Branche orientiert sich neu – Public Relations im Blickpunkt

Werbung 1951:

Die deutschen Werbetreibenden beginnen, die Zeichen der Zeit zu erkennen: Die Phase eher defensiver »Wiedereinführungsstrategien«, die mit Erfolg die Positionierung deutscher Markenartikel auf dem Inlandsmarkt gefestigt hat, neigt sich langsam dem Ende zu. Diese Art der Werbung hatte, so der Präsident des Zentralausschusses der Werbewirtschaft (ZAW), Hans Dürrmeier, entscheidenden Anteil daran, dass man mit deutschen Produkten so rasch wieder den Begriff »Qualität« assoziierte.
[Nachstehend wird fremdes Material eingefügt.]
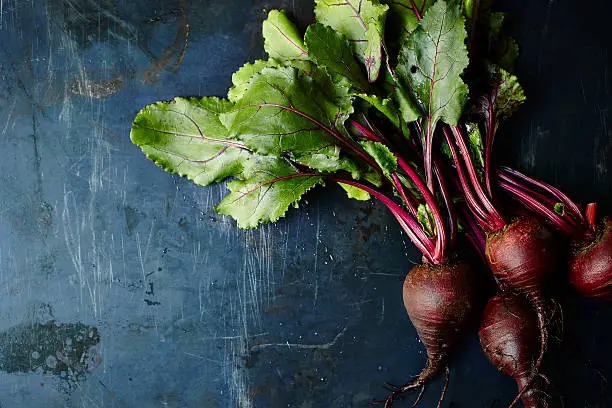 Bunch of beets on dark blue metal surface.
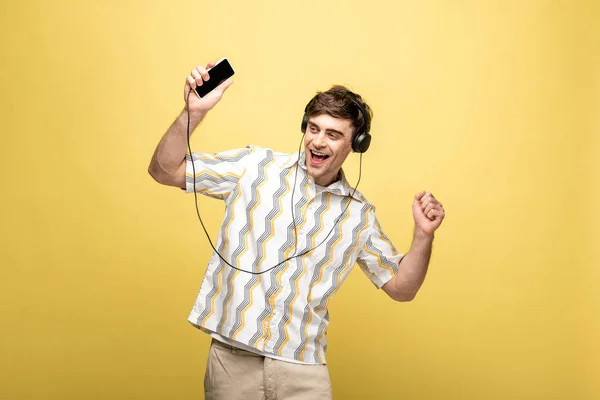 黄色の背景にヘッドフォンやスマートフォンで音楽を聴きながら踊る陽気な若者 — ストック写真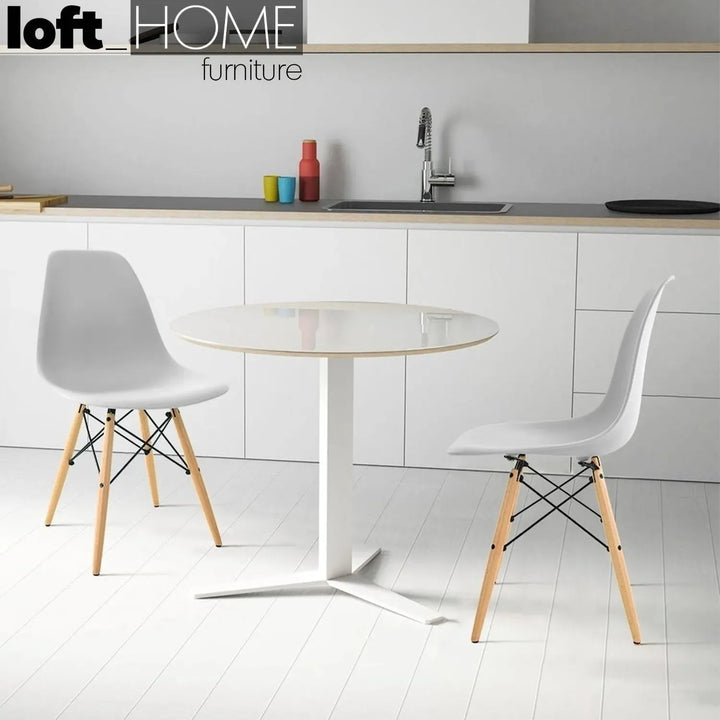 Contemporary plastic dining chair eames grey primary product view.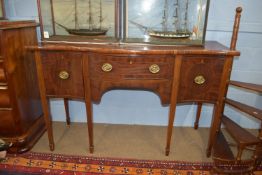 Early 20th century serpentine sideboard raised on tapered legs with strung decoration, length approx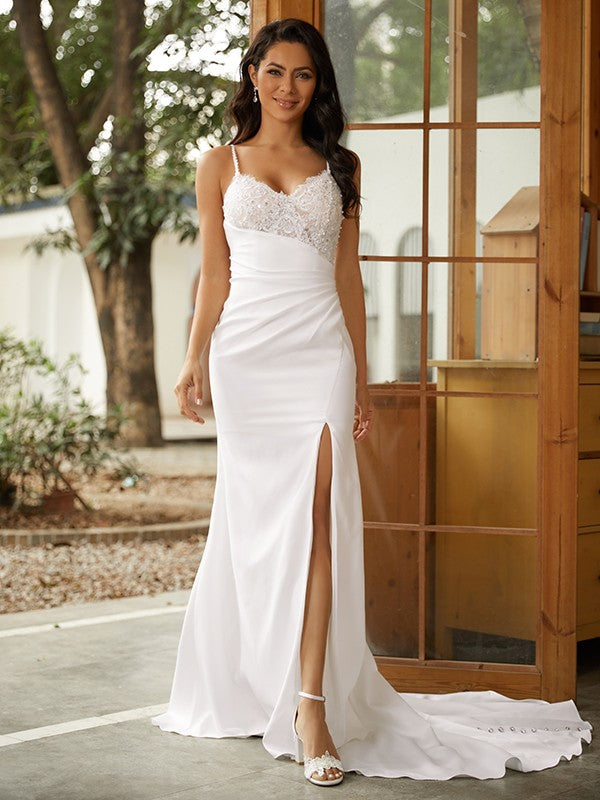 Bride wearing a Weitese elegant lace sheath column V-neck wedding dress.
Die sich abzeichnende expansive Exportstrategie der deutschen Wirtschaft, verbunden mit der Rückeroberung verloren gegangener Auslandsmärkte, verlangt nach neuen, effektiven Werbemethoden, die dem hohen internationalen Standard entsprechen. Werbeabteilungen werden neben dem Produktions- und dem Verteilungsbereich zunehmend als gleichberechtigter Geschäftszweig betrachtet. Eindringlich und zugleich geschmackvoll soll die ganze Welt auf Deutschland und seine Erzeugnisse aufmerksam gemacht werden.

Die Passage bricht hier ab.